Not surprisingly, dealing with latency was the biggest challenge for KTDO in moving from on-premise switching of its newscast to switching in the cloud. The major obstacle is for the talent in viewing their return monitors.
“That two-second delay in TV is a long time,” Martinez says. “So they’ve got to take on the cue, instead of waiting to see themselves on the preview monitor. That took some training, but we’re getting pretty good at it now. So that was one obstacle that we’ve overcome.”
Dealing with live feeds delivered through the cloud by LiveU or Dejero bonded systems via RTMP or SRT signals adds an additional delay, so the station cues talent five seconds in advance before they hit live.
One place where the latency of the cloud is still problematic is in weather presentation, specifically in providing a return feed for meteorologists doing weather segments in front of a green screen. When chroma keying for a meteorologist, the round trip of processing it in the cloud and then bringing a return feed back for the talent is still too long today. That’s why KTDO still handles that function on-premise.

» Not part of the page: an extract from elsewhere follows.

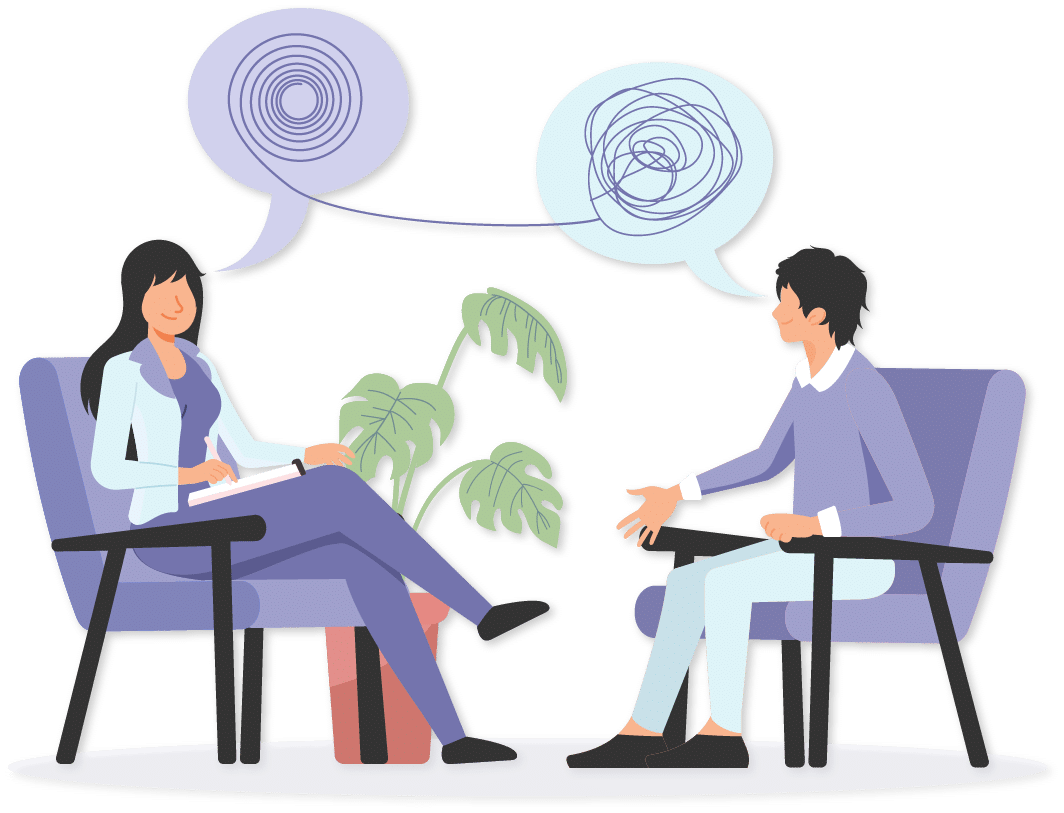 Graphic of a client talking to a therapist in Singapore.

Given the high-resolution graphics involved, being able to support weather presentation fully from the cloud is “still a ways away,” Martinez says. But the technology is improving quickly enough that he thinks in another year it might go into the testing phase.
Overall, Martinez thinks the biggest benefit of cloud production is in its flexibility, particularly in a difficult labor market where TV stations are having a hard time hiring personnel like APC operators.
“Anybody that has connectivity can run the system,” he says. “So the flexibility is definitely the powerful piece of it. And I can see it being a great benefit for sports, because you get your best technical director on the seat in one location, [who] can be jumping around to different sports at different venues.”